=== PROBLEM REQUIREMENTS ===
Once you have located the line containing "Dettaglio di orecchini" in the material below, return it exactly along with each line after it through the line containing "נעלי UGG לילדים".

=== MATERIAL FOR THIS EXERCISE ===
/---

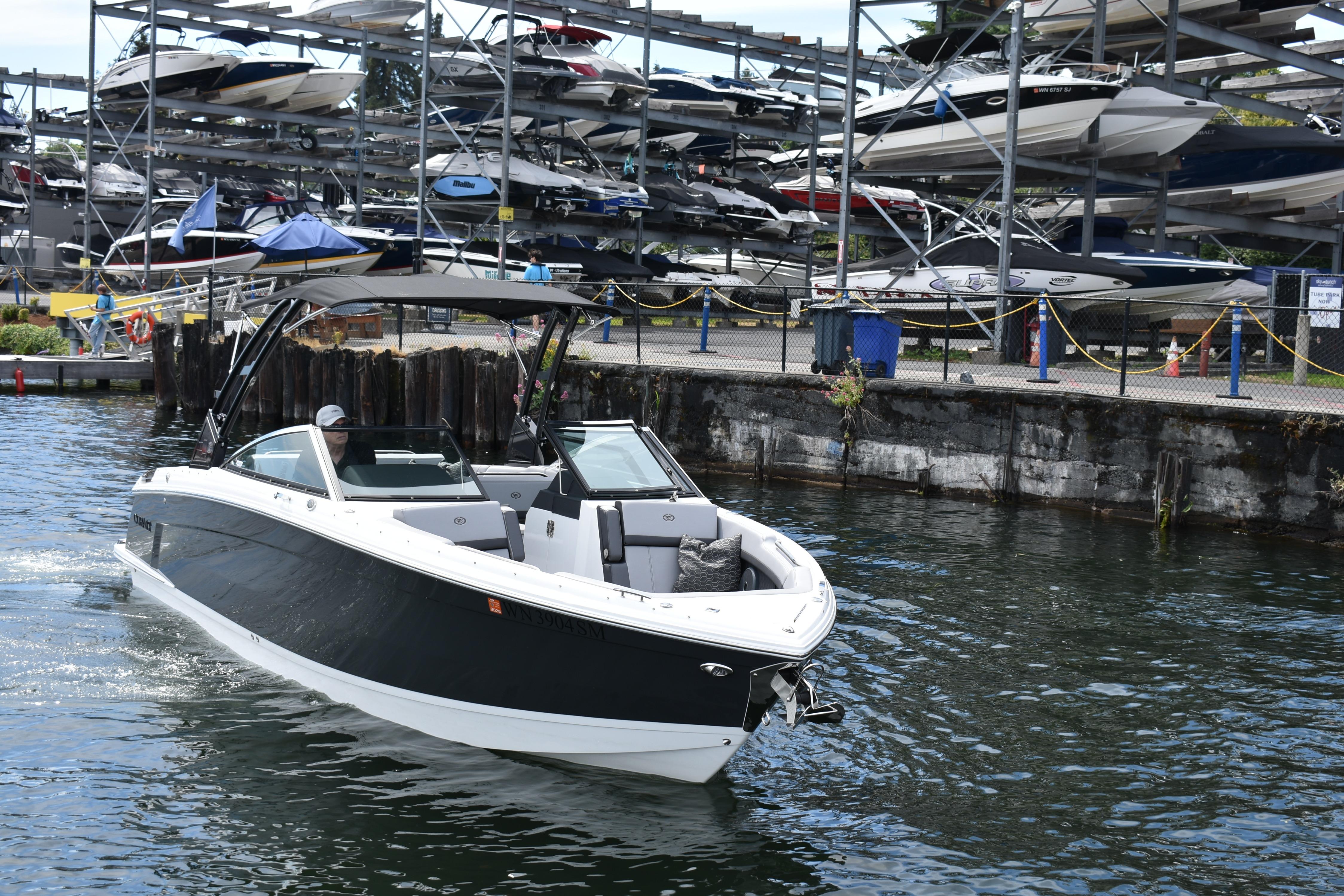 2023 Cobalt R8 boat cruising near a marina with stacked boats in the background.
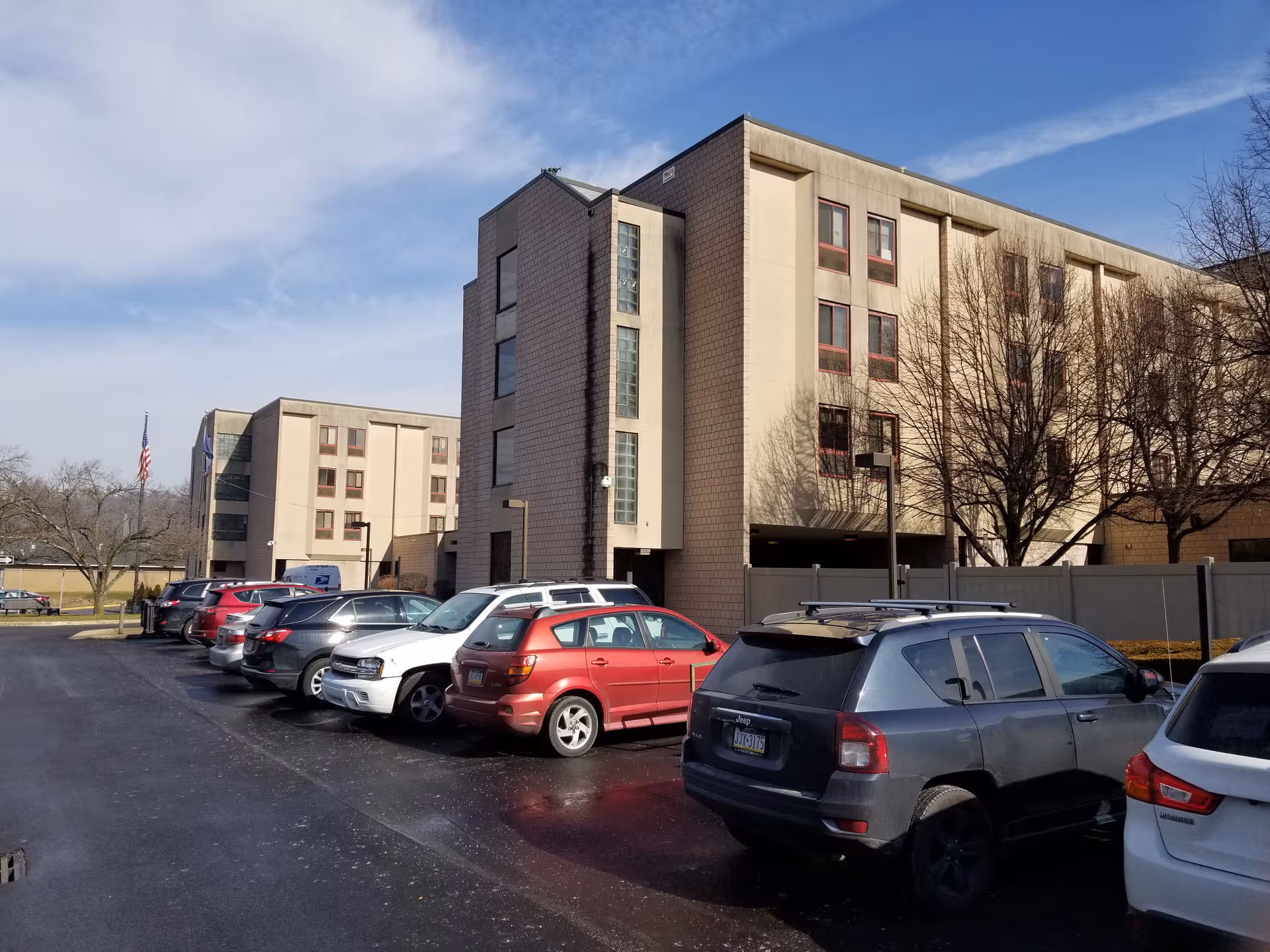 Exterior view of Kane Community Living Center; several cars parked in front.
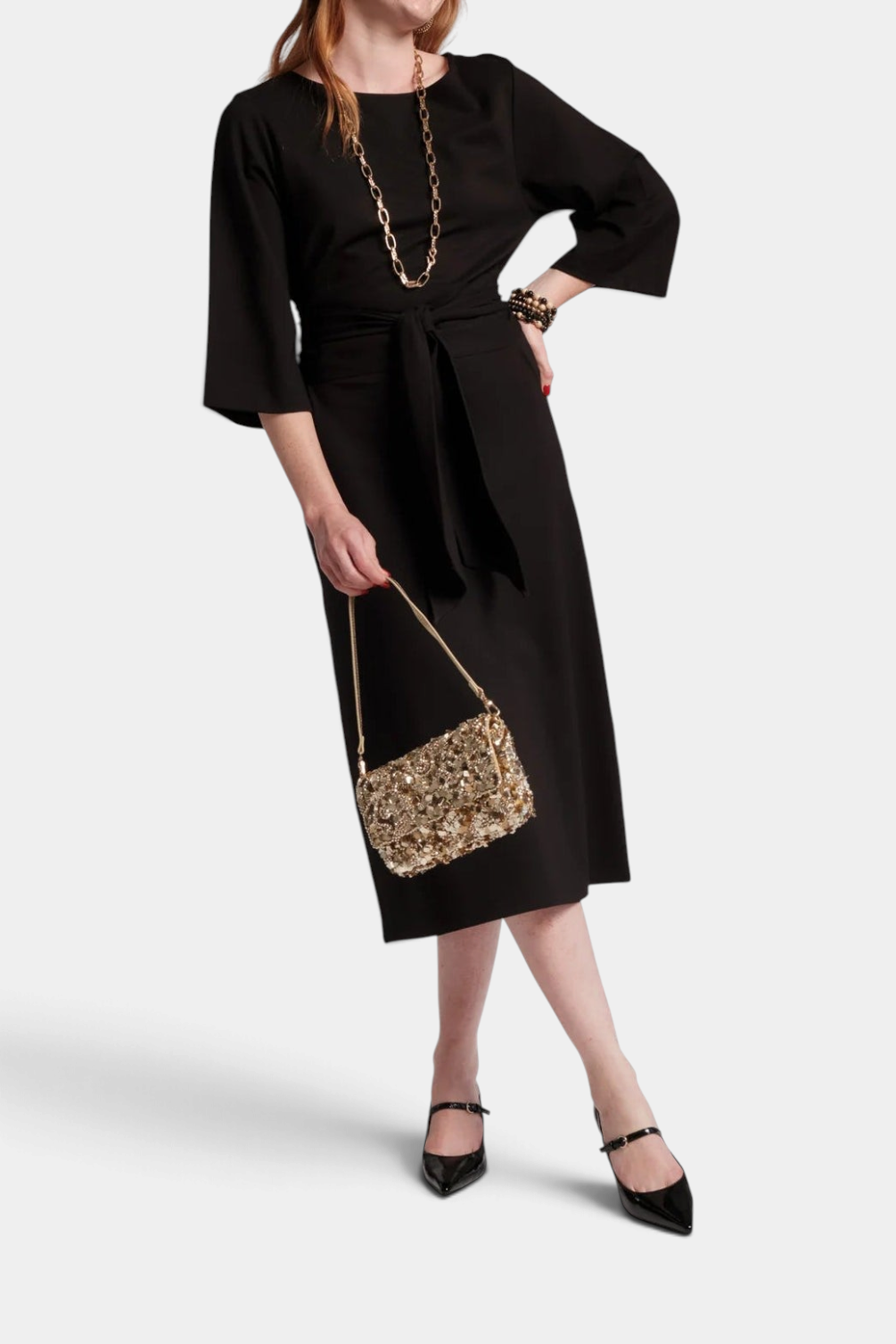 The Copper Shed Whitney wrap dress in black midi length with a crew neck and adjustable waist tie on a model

\---
/---

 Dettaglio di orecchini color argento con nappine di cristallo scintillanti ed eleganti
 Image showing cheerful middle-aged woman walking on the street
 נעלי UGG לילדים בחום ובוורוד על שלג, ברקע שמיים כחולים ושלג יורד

\---

=== ANSWER TO THIS EXERCISE ===
 Dettaglio di orecchini color argento con nappine di cristallo scintillanti ed eleganti
 Image showing cheerful middle-aged woman walking on the street
 נעלי UGG לילדים בחום ובוורוד על שלג, ברקע שמיים כחולים ושלג יורד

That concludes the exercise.